Get some business cards and make some flyers and go door to door. 

Contact your local clubs such as Kiwanis, moose, etc

Join your local chamber of commerce for one year. 

Put up ads in your local high school programs such as the football and basketball leagues.


----------



## furian14 (Jan 21, 2014)

Do you have a website? If not you might want to get one. Wordpress is a good place to start for that as well as Hostgator. You might also want to register with all the online directories such as Yelp, Google, City Search and many others and its free. You must flood yourself on the internet. Studies have shown that 90% of all people who are looking to get something done go to the internet these days. Also consider freebees. a t-shirt with your company info on it to give to potential customers. Plus people like t-shirts even if it just to sleep in and they will remember you. Anyway food for thought. Good luck


----------



## tchandler52 (Sep 17, 2012)

furian14 said:


> Do you have a website? If not you might want to get one. Wordpress is a good place to start for that as well as Hostgator. You might also want to register with all the online directories such as Yelp, Google, City Search and many others and its free. You must flood yourself on the internet. Studies have shown that 90% of all people who are looking to get something done go to the internet these days. Also consider freebees. a t-shirt with your company info on it to give to potential customers. Plus people like t-shirts even if it just to sleep in and they will remember you. Anyway food for thought. Good luck


I agree with this post a lot of good information !


----------



## BoyGirlStuff (Jun 25, 2014)

Have you tried selling some of your products at local outdoor markets. It can boost both sales and brand awareness.


----------



## Stefano (Aug 5, 2013)

sandmanbjj said:


> They have no incentive to credit you. So you can't blame them for that. I mean if I get an order I can't do on my own, I sub it out. I don't put a business card for the people I subbed the work to.
> 
> As for getting people in the door. That's the million dollar question.
> 
> Sent from my SM-G900V using T-Shirt Forums


Well, depending on the age of your target market ...
Schedule and publicize an event. Popcorn and soda (rent a tank/CO2 setup), music, maybe a local celebrity, etc. Have your products on display, AND - have live models ("booth babes/boys") wearing your products. Hand out flyers about your business.
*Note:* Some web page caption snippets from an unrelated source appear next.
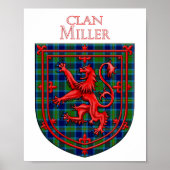 Miller Tartan Scottish Play Lion Rampant Poster (Voorkant)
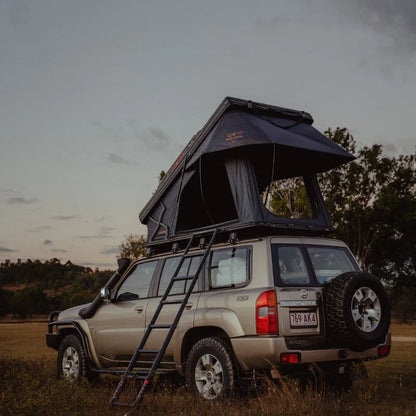 SAN HIMA Quick Set Up Waterproof Car Camping Hardshell Rooftop Tent 2 Person Hard Shell Roof Top Tent for 4WD 4x4 Off-road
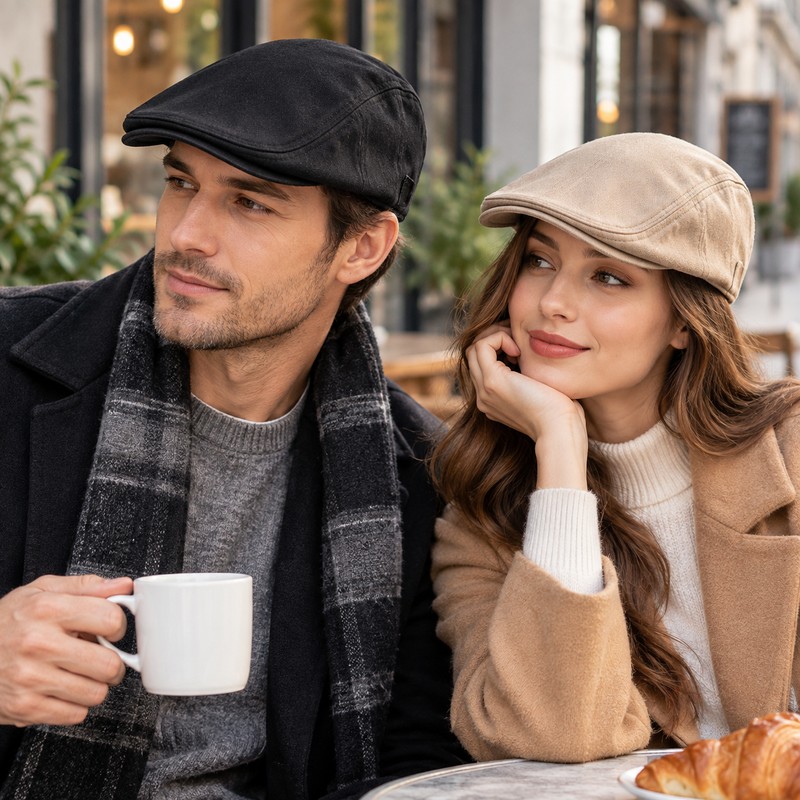 Unisex Ivy Cap for Casual Wear – Classic Cotton Flat
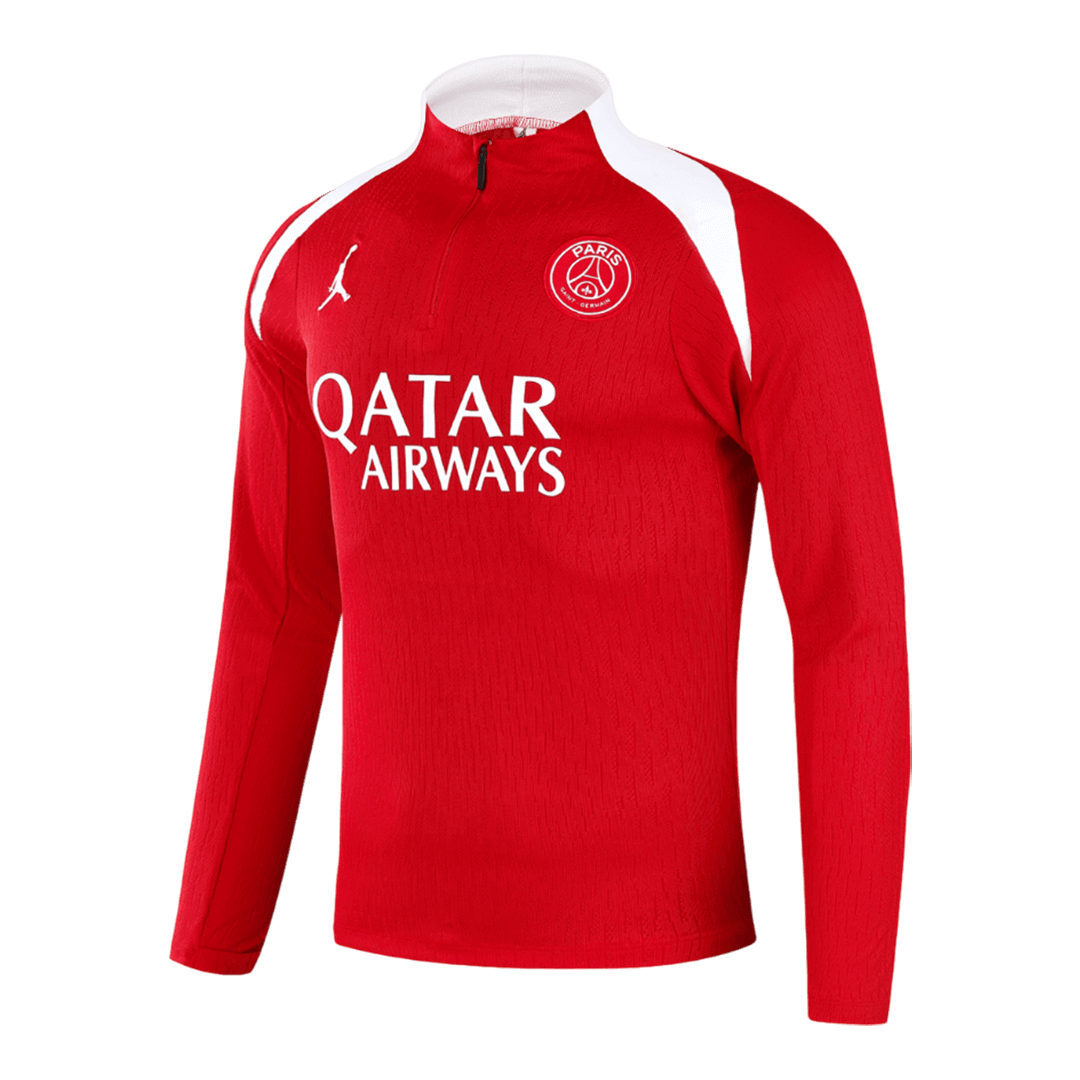 PSG Zipper Sweatshirt Kit(Top+Pants) 25/26 Red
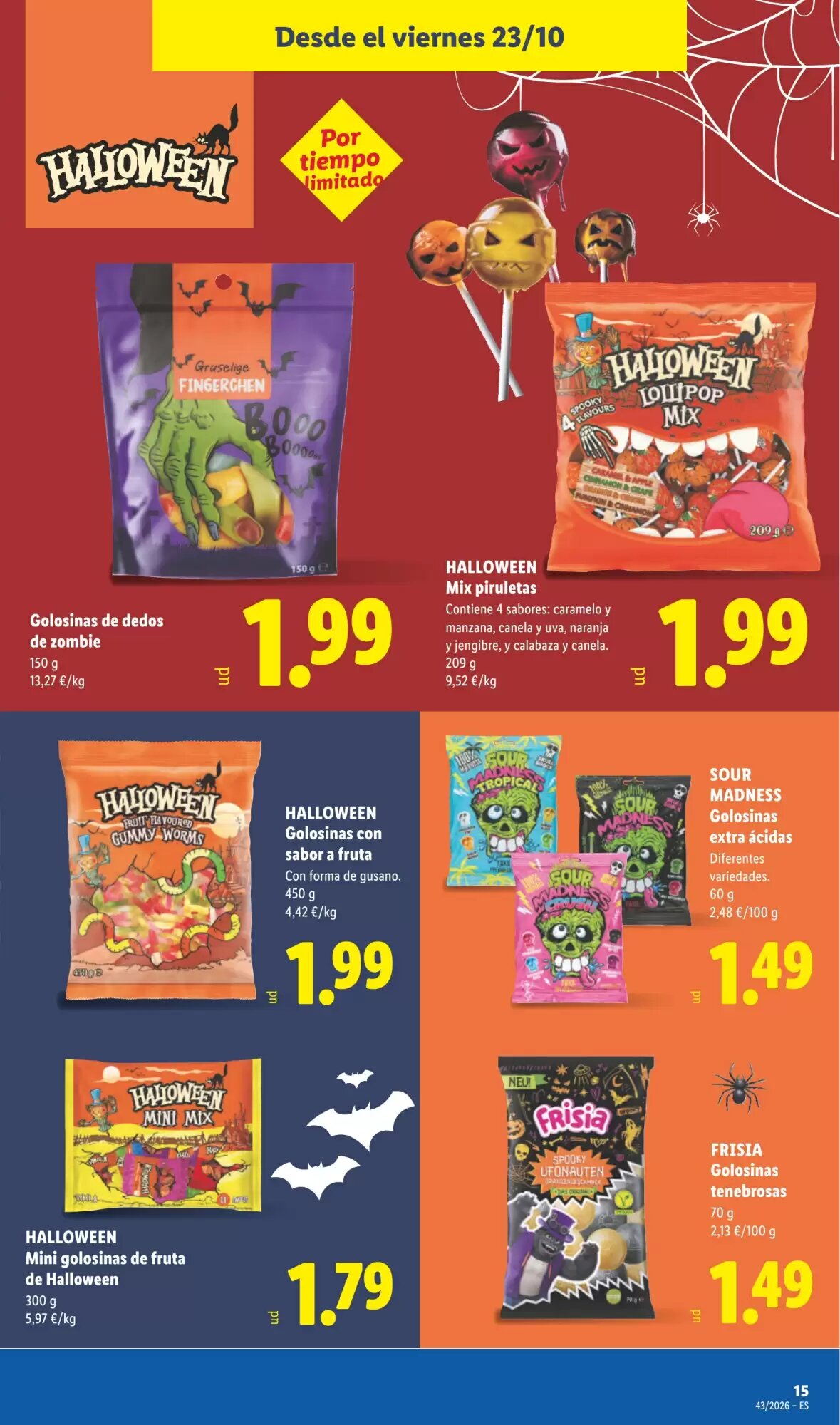 Folleto promocional de Lidl válido desde el 19/10/2026 - Página 45.
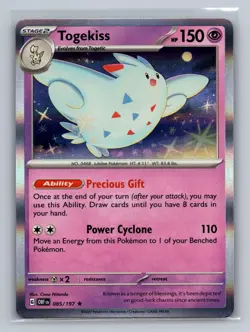 Togekiss 085/197 Rare Obsidian Flames Pokemon Holo Lightly Played - Image 1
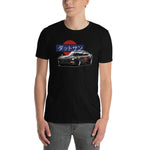 Man wearing a black Datsun 240z t shirt in JDM clothing - Modified Street Style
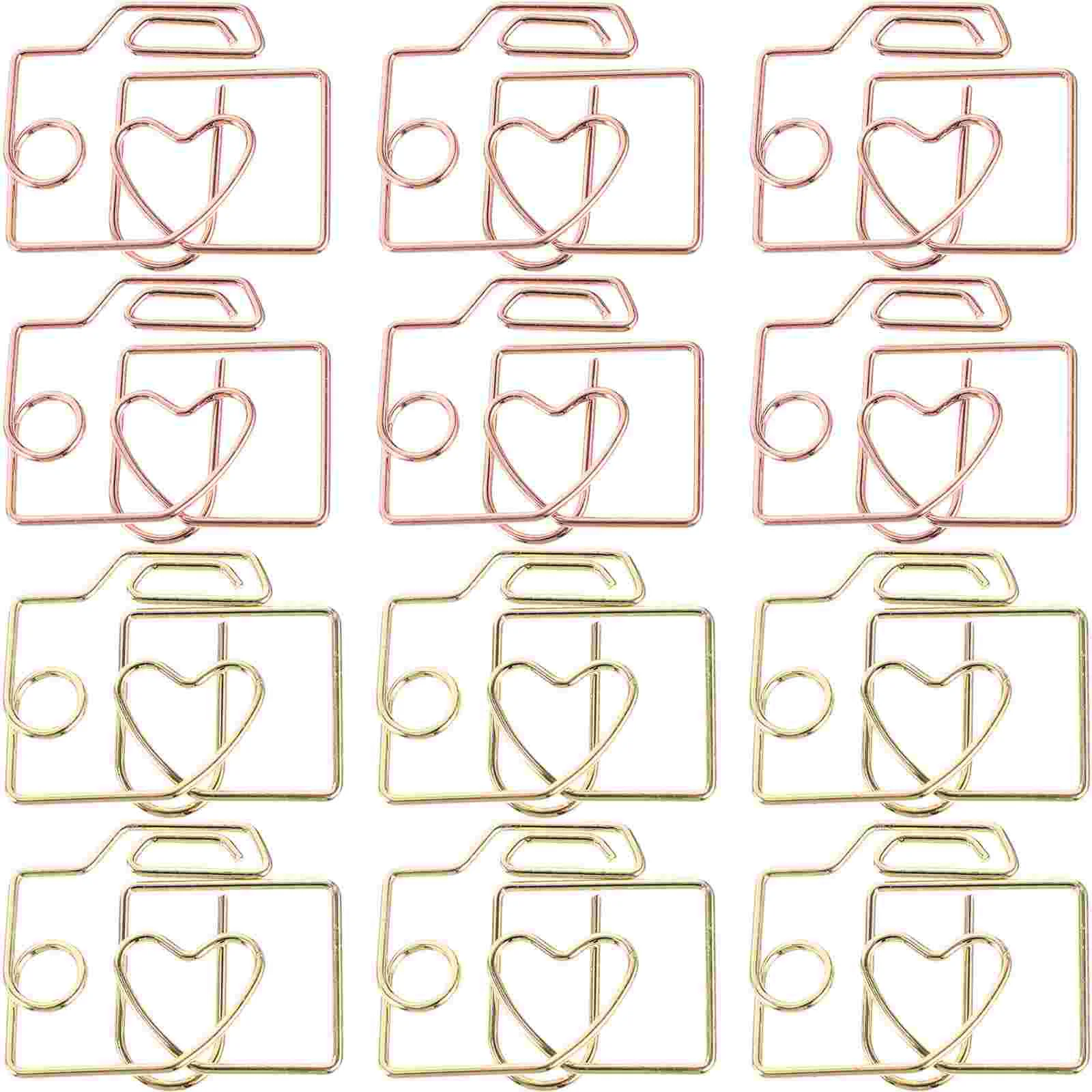 20 Pcs Mini Room Metal Paper Clip Clips Small Cartoon Craft Cute Office Multi-use Lovely File Novelty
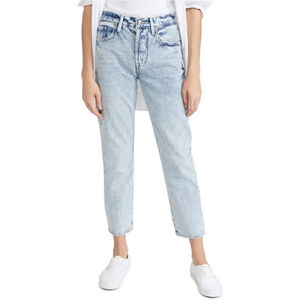 Frame Le Original slim straight jeans Richlake light blue acid wash denim sz 31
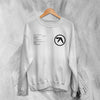 Aphex Twin Sweatshirt Diskhat Aphex Twin Logo Sweater For Fan Gear - WorldWideShirt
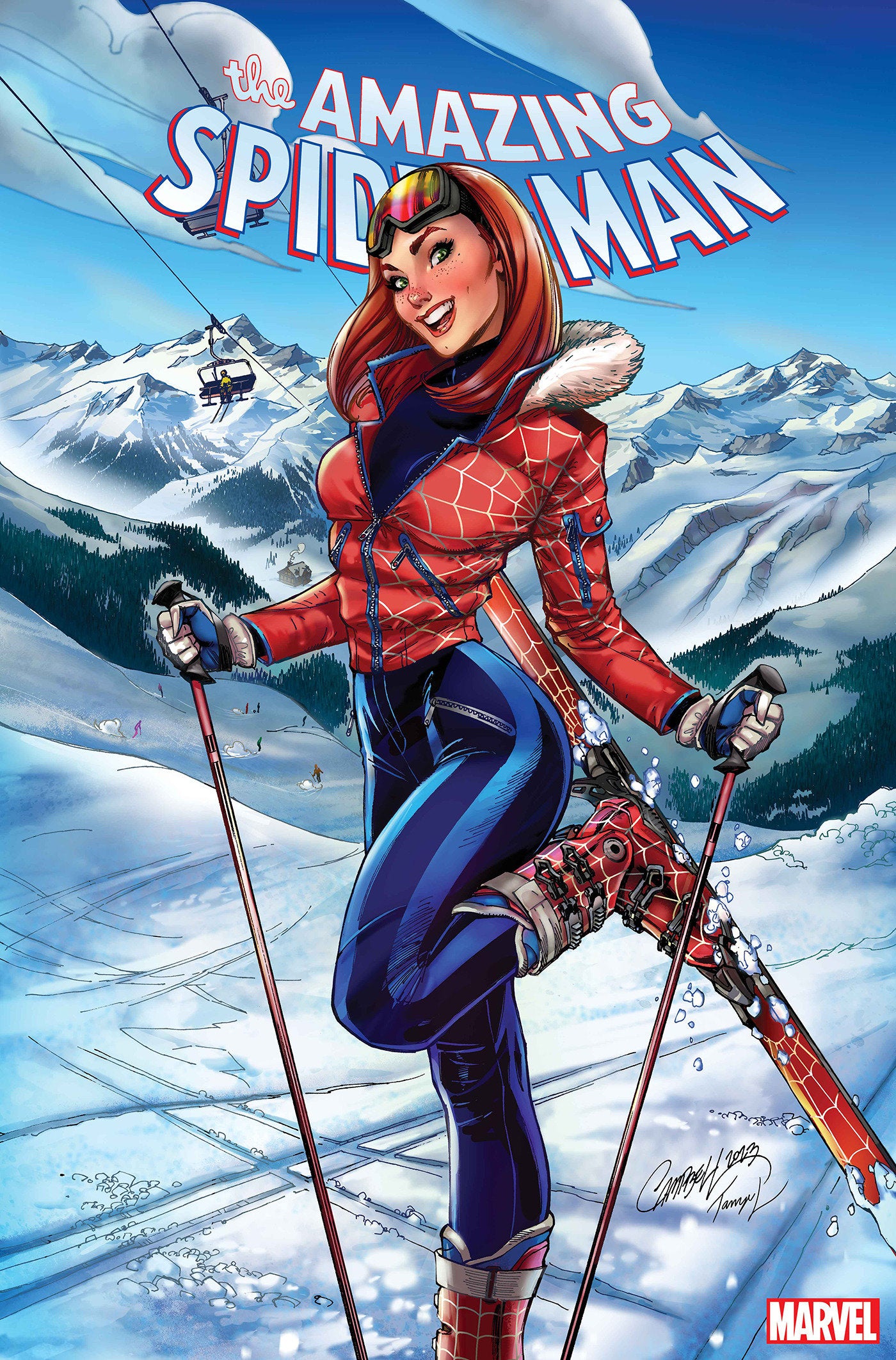 Amazing Spider-Man 40 J.S. Campbell Ski Chalet Variant [Gw]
Have a drawing for product giveaways or store credits - collect email addresses on the entry form so you can send them ONE (no spam) newsletter or discount coupon a few days after the event.


----------



## sandmanbjj (Oct 26, 2011)

Great ideas 

Sent from my SM-G900V using T-Shirt Forums


----------



## bentcycle (May 1, 2014)

to further expand on the internet idea... a website really needs to be able to be found. keyword and search results optimization help as would using pay per click advertising to get you preference over competitors.

don't just count on a website though. do the social media thing... get on facebook, twitter and youtube etc. there's some extra free marketing. sell on ebay! it's it's own market. ditto that for amazon.

as mentioned, giveaways can draw customers, though that can get expensive with little guarantee of gaining a customer.

don't forget the phone book! having a nice ad in the book works! i just hired a locksmith because they had an ad. as you're doing shirts, you might even want to spring for a slick four color ad you design yourself to be really eye popping. most phone book ads aren't exactly eye catching.

it's really cheesy, and i don't know just how well it works, but you could try hiring a "sign waver" to spin a corrugated plastic sign advertising your shop on the sidewalk or even get someone to dress up as a character.

i hate to give my own take on that away before i ever try it, but i thought about standing at an intersection with one of those "front & back" signs people used to wear, i forgot what they're called, with some eye catching graphics and text like "will do graphics for customers"

here's a dirty little secret...
if you can come up with something novel to make it newsworthy, you can actually hire news stations to do a story about your shop. when you see news stories about businesses, they're really paid advertising. sad, but true.

another venue, literally, for advertising is movie theaters. it might be a cheap way to market to a captive audience.

events where you rent a booth are a good wayu to show your wares and hand out business cards. oh... speaking of that... you could make the rounds at other local shops, especially laundromats (great tie in, no?) where people leave their business cards and laundromats almost always have bulliten boards. colleges do to, like in libraries.


----------



## ForMySins (Jun 2, 2014)

icex said:


> I've tried advertising on facebook with no luck and also google. I guess word of mouth is the best.


It's not what you know it's who you know word of mouth should really help... Plug it at every opportunity you get... Keep up with the facebook group page my misses took a year to get her dog grooming business up and running properly with a facebook page but like you said all those people are now spreading her business via word of mouth. Document everything you do on there, sale offers, new products,photo's designs etc constantly, do you run on ebay or amazon as well as facebook and website? get a twitter account and use it like you would the facebook page. basically self promote yourself but keep at it. That's my advise for what it is worth.


----------



## drdalpha (Jan 22, 2013)

Thanks for the info! I too am just starting out and trying to generate some traffic. Best of Luck.


----------



## ericsson2416 (Aug 29, 2007)

Find a local coach with a school group and do a give away to fans. We created 6th man shirts for a basketball team with our store name on the back. Asked the coach to spread the word to his parents and fans that for a couple home games they just needed to come in our shop and say they are going to a game and we hooked them up. It was popular with the kids and adults. The shirts, a single color white design, had a cool design and have become a hot commodity with people offering to buy them after the giveaway was over.


----------



## carl2k2 (Sep 18, 2011)

icex said:


> I've tried advertising on facebook with no luck and also google. I guess word of mouth is the best.


WHere are you trying to sell your products?


----------